## PROBLEM DESCRIPTION
In the data below, find the line containing "6990 Edison Street NE Hartville OH 44632", then set down that line and every later line up to and including the line containing "11771 Pinewood Lakes", exactly.

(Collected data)
★ ★ ★ ★ ★
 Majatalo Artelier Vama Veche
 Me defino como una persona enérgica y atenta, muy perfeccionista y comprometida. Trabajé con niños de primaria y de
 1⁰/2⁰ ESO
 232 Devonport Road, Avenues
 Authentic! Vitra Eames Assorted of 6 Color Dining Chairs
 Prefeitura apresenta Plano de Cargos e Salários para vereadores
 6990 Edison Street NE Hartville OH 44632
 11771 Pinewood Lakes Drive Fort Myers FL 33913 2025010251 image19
★ ★ ★ ★ ★
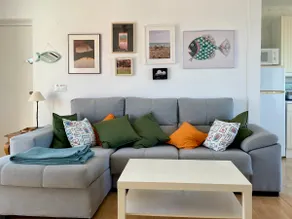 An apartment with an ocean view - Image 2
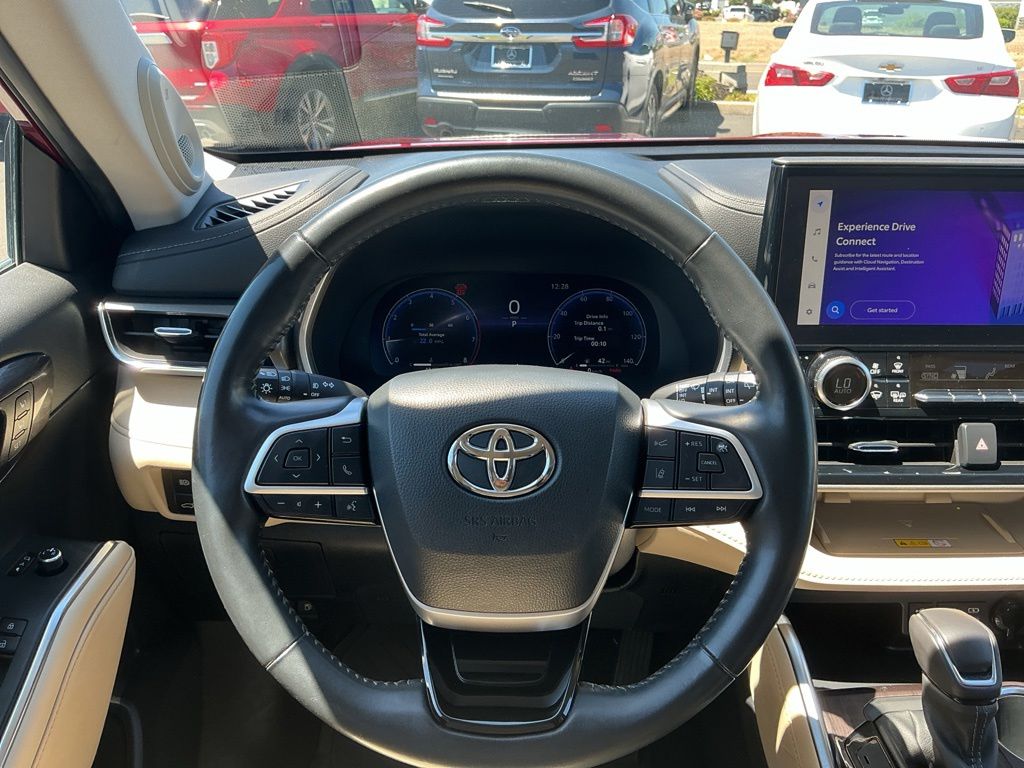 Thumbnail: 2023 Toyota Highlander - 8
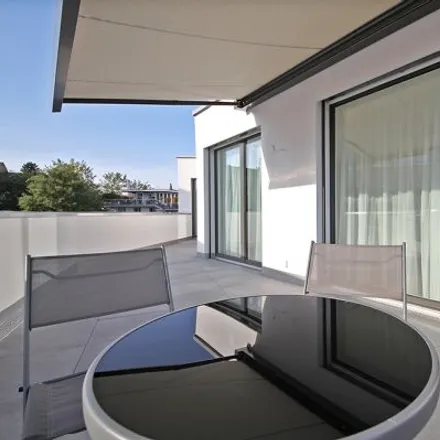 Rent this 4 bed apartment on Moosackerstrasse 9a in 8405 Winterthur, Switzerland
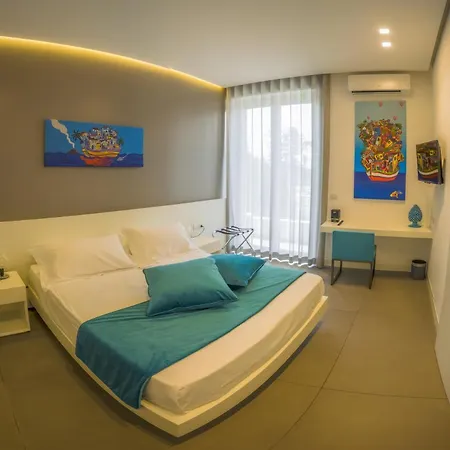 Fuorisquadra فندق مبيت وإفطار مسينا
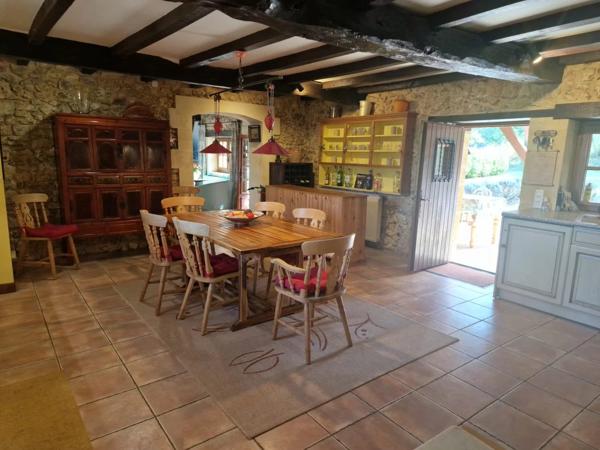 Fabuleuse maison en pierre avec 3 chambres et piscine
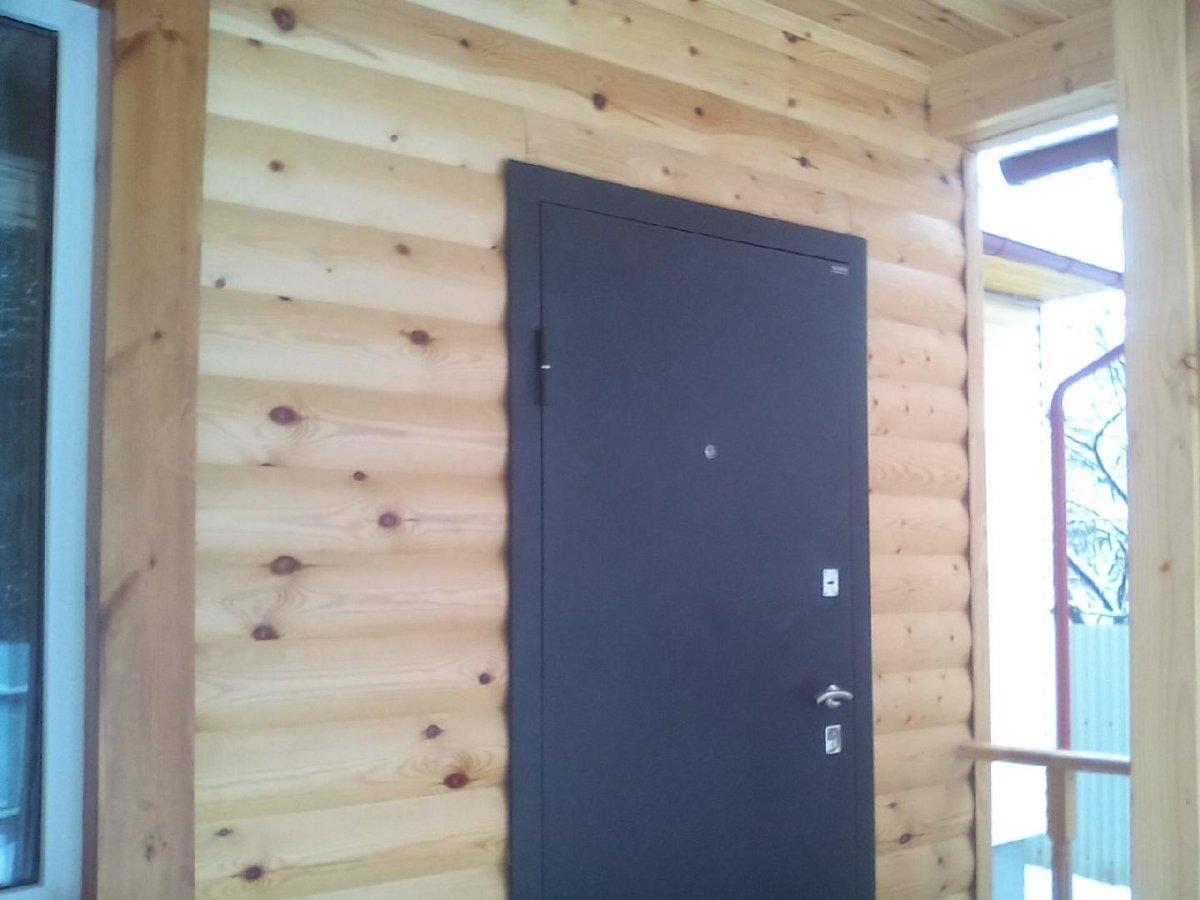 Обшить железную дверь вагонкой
★ ★ ★ ★ ★
## OUTPUT OF THE EXERCISE
 6990 Edison Street NE Hartville OH 44632
 11771 Pinewood Lakes Drive Fort Myers FL 33913 2025010251 image19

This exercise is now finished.